Over the past 20 years, U2′s lead-off singles have been an odd lot. There’s been one flat-out pop masterpiece, "Beautiful Day." There’s been one total miss, "Discotheque." There have been a couple of curiosities that worked on their albums but made for odd first-single picks ("The Fly" and "Numb"). And then there was "Vertigo," the so-so riff-fest that launched their last album, How To Dismantle an Atomic Bomb.
So it was with somewhat low expectations that I sat down to check out their newest single, "Get on Your Boots," the first track from the upcoming album No Line on the Horizon. (You can hear the song here.) Sure enough, things start unpromisingly: a generic heavy metal guitar riff quickly gives way to a shameless rip-off of "Subterranean Homesick Blues," with Bono chanting about "love and community" and "candy floss ice cream."
But just as I was about to shut down the computer and go back to the amazing new Animal Collective album (see Leah Greenblatt’s review), a funny thing happened: the bridge kicked in, and "Boots" suddenly took off. A wash of vocal harmony sets things up nicely, and then Bono comes soaring in, insisting (to whom? who knows?) that "you don’t know/you don’t get it do you/you don’t know how beautiful you are." It’s one of those great U2 moments, the kind of thing that has kept fans on board for more than 30 years now.

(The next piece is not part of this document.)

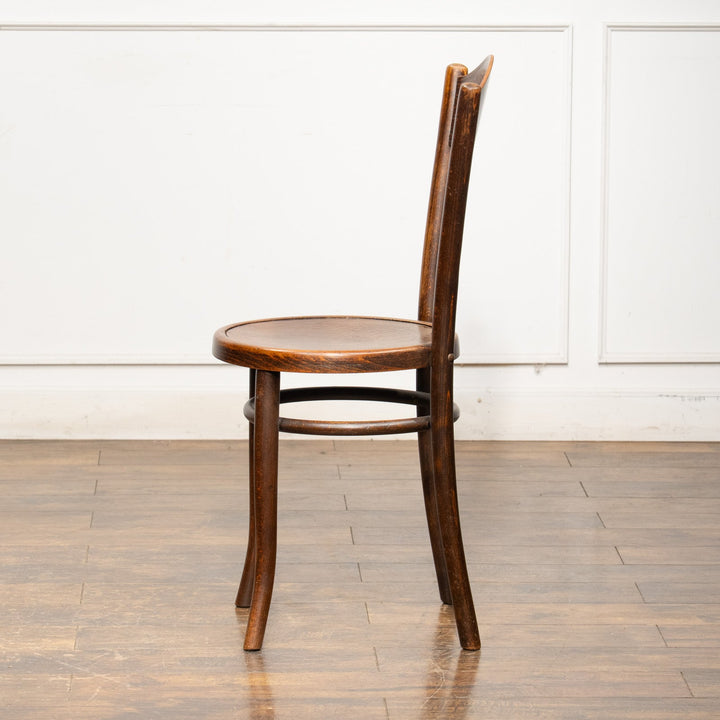 シェルモチーフのエンボス加工が美しい パネルバック ベントウッドチェア /25G-1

The song then takes a few more twists and turns, eventually landing back on that original guitar riff, which, by the end of the song, has gone from annoying to insistent and memorable (somehow the "get on your boots" chorus that lays on top totally transforms it).
After just a few listens, "Get on Your Boots" doesn’t seem like one of U2′s all-time great songs, but it’s still interesting — and different — enough to make me pretty excited to hear the whole album.
But what do you think? Is "Boots" another U2 classic or a disappointing dud?